*To do:* Output, word for word, each line from the one with "THE TORAH (PENTATEUCH)" through the end of the listing below, excluding every picture.

*Material for this task:*
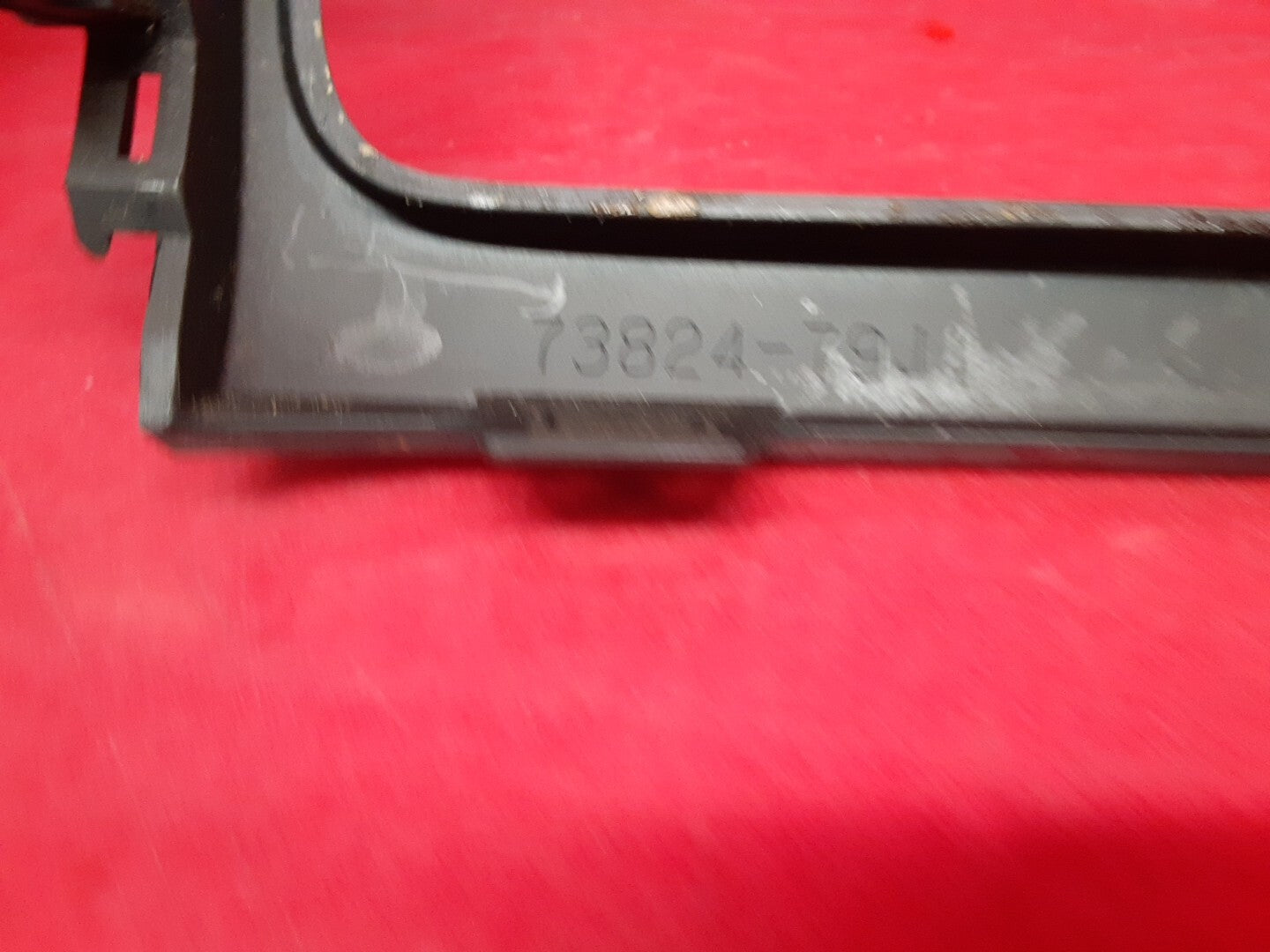 2007-2009 Suzuki SX4 Climate Control HVAC Heater A/C Trim Panel Bezel 73824-79J1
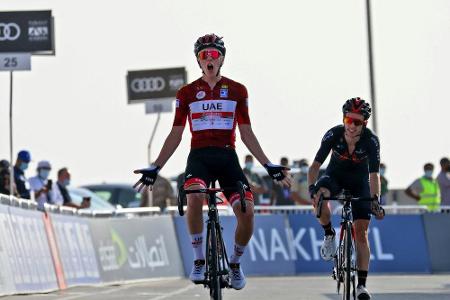 UAE Tour: Pogacar vor Gesamtsieg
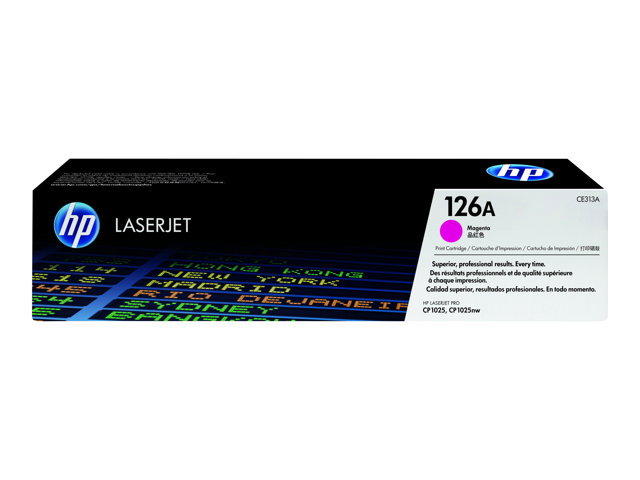 HP Toner 126A magenta HV CLJ Pro CP1025 1025nw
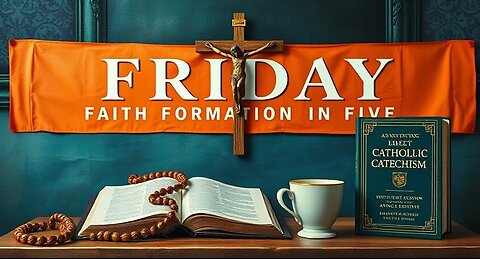 THE TORAH (PENTATEUCH) ~ FRIDAY FAITH FORMATION IN FIVE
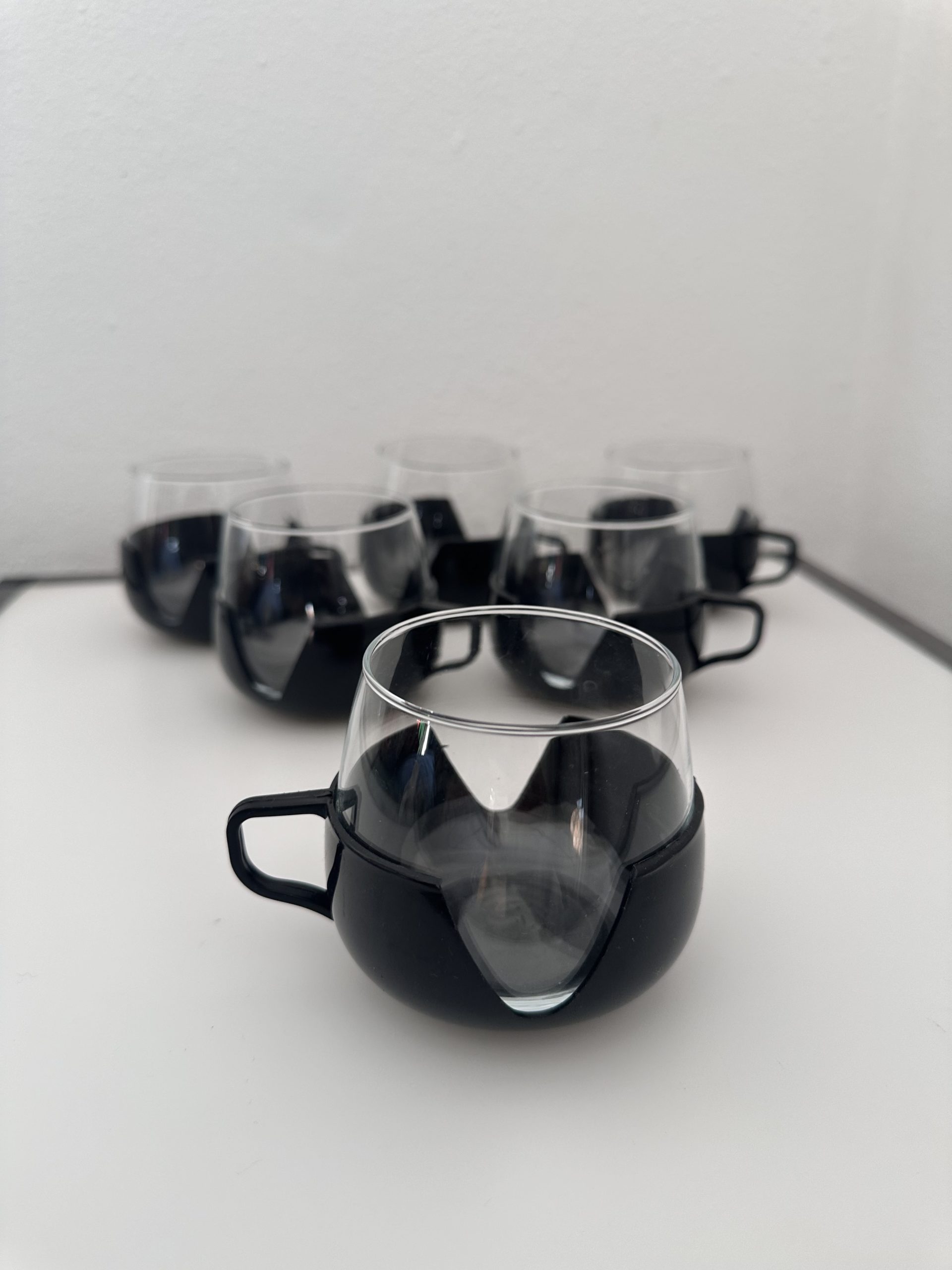 Ensemble de 6 tasses vintage 1970, Holland – Bild 3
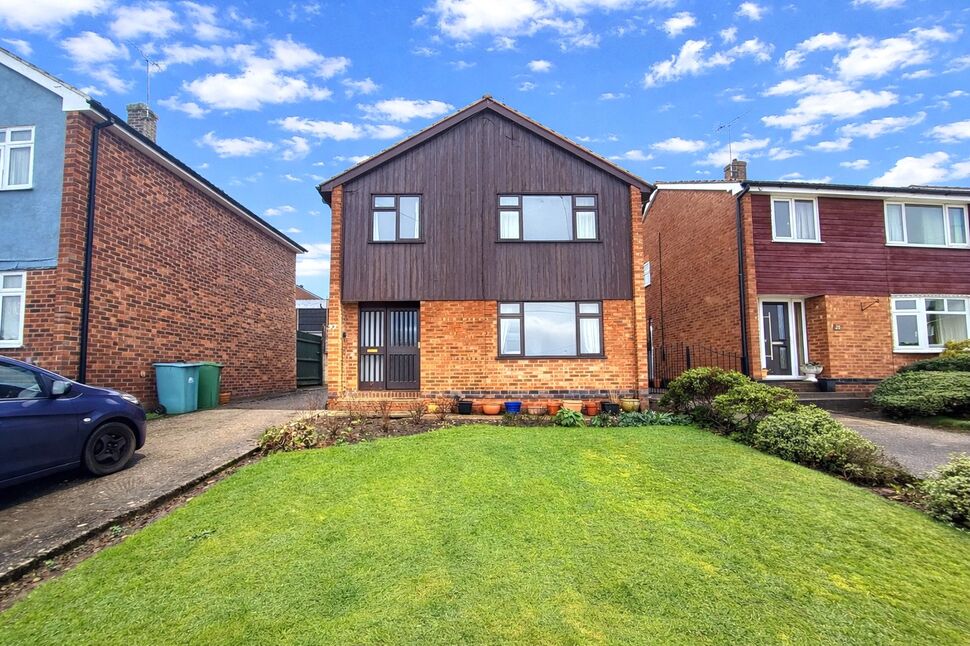 Main image of 3 bedroom Detached House for sale, Cherry Tree Avenue, Belper, Derbyshire, DE56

*Result for this exercise:*
 THE TORAH (PENTATEUCH) ~ FRIDAY FAITH FORMATION IN FIVE
 Ensemble de 6 tasses vintage 1970, Holland – Bild 3
 Main image of 3 bedroom Detached House for sale, Cherry Tree Avenue, Belper, Derbyshire, DE56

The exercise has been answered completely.